Opening up whole new
universes of power and passion, laying instinct bare.

 
          
“We
can’t move back to
London
,” said Richard, and even as Liffey’s eyes lit up, said, “I’m going to
have to stay up in
London
during the week and come back at weekends.”

 
          
Liffey
wept. Richard explained.

 
          
“At
least until we can get something sorted out with the lawyers,” said Richard.
“Three months or so, I imagine. I can stay with Ray and Bella, on their sofa.
It won’t be very comfortable, but I can manage.”

 
          
Did
Richard have Bella in mind as he spoke, filling his black-and-white world with
rich colours of cynicism and new knowledge?

 
          
How
long since Liffey had really wept? Not, surely, during all the time she had
been married to Richard. Tears had fallen from her eyes for the plight of the
helpless, or for abused children, or forsaken wives, or for the tens of
thousands swept away by floods in far-off places, but she had not wept for
herself.

 
          
“I
don’t want to be away from you,” said Richard.
“ Do
you think I enjoy sleeping apart from you? But what else can I do?”

           
“Helen and Mory are supposed to be
our
friends
,” wept Liffey. “How can
friends behave like that?”

 
          
Richard
tried to console Liffey.
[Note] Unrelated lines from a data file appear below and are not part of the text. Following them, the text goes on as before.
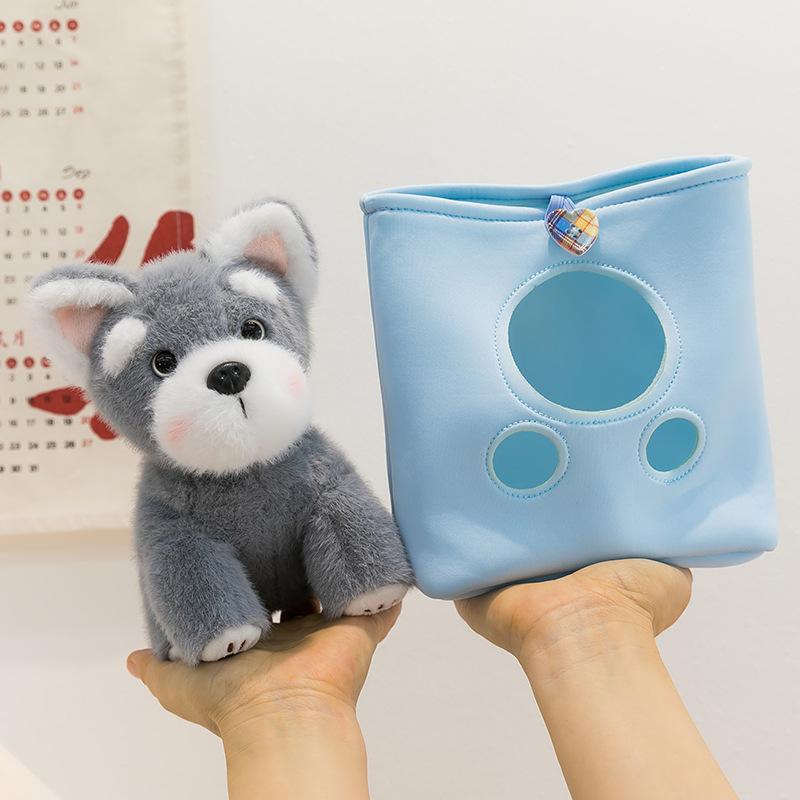 West Highland Creative Backpack Plush Toy Kids Doll Girls Pet Schnauzer Backpack Golden Retriever Dog Gift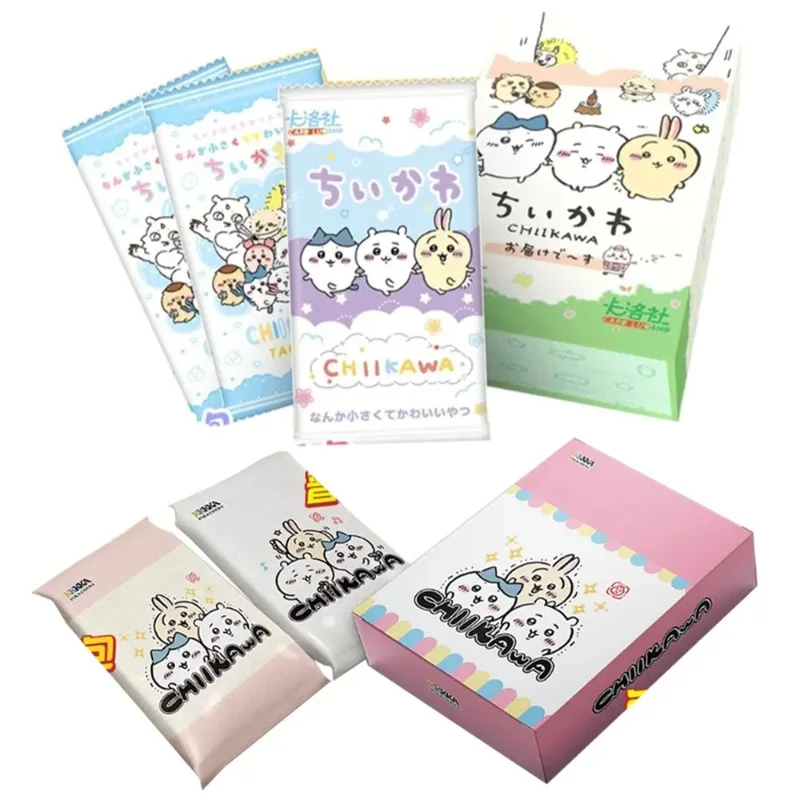 

Новая милая и веселая карточка Chiikawa с Новым годом, коллекционная карточка с закругленными углами, толстая карточка, игрушка, детские подарки на день рождения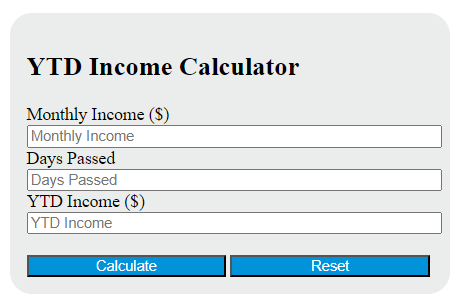 ytd income calculator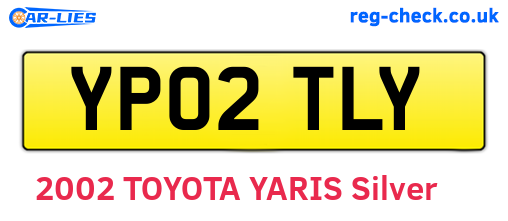YP02TLY are the vehicle registration plates.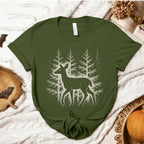 Additional photo of Forest Deer Graphic T-shirt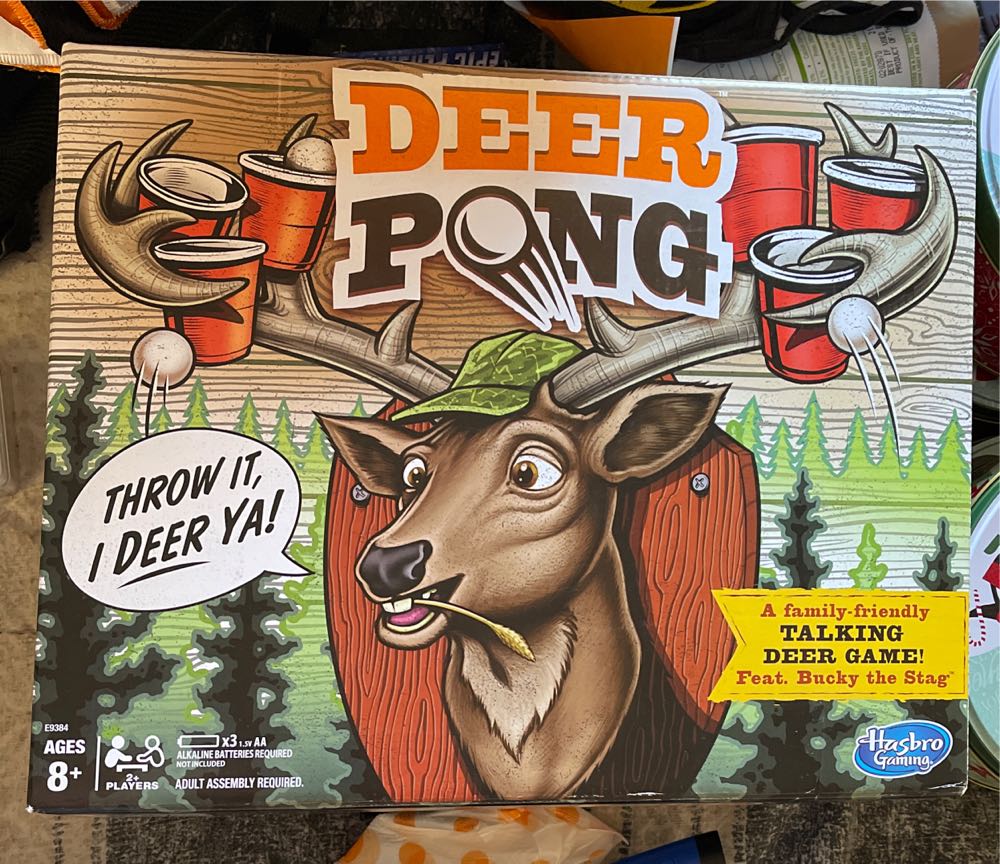 Deer Pong Game  board game collectible [Barcode 630509939282] - Main Image 2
He told her about army wives whose husbands were away
for months at a time, and light- housemen, and submariners on nuclear
submarines who sometimes didn’t come home for years.
And the
wives of convicts and political prisoners.

 
          
“But
those are other people,” cried Liffey. “This is
me”
Richard told Liffey how nice she’d made everything in the
cottage, and how he would look forward to coming home at the weekends, and how
absence made the heart grow fonder, and she believed him, and he believed
himself, and they went to bed, tearful but entwined; and he fell asleep, so
tired was he, before he could do more than embrace her, and in the morning both
slept through the alarm, which was set for five-thirty, so that Richard had to
leap out of bed and be gone before she could possibly speak to him.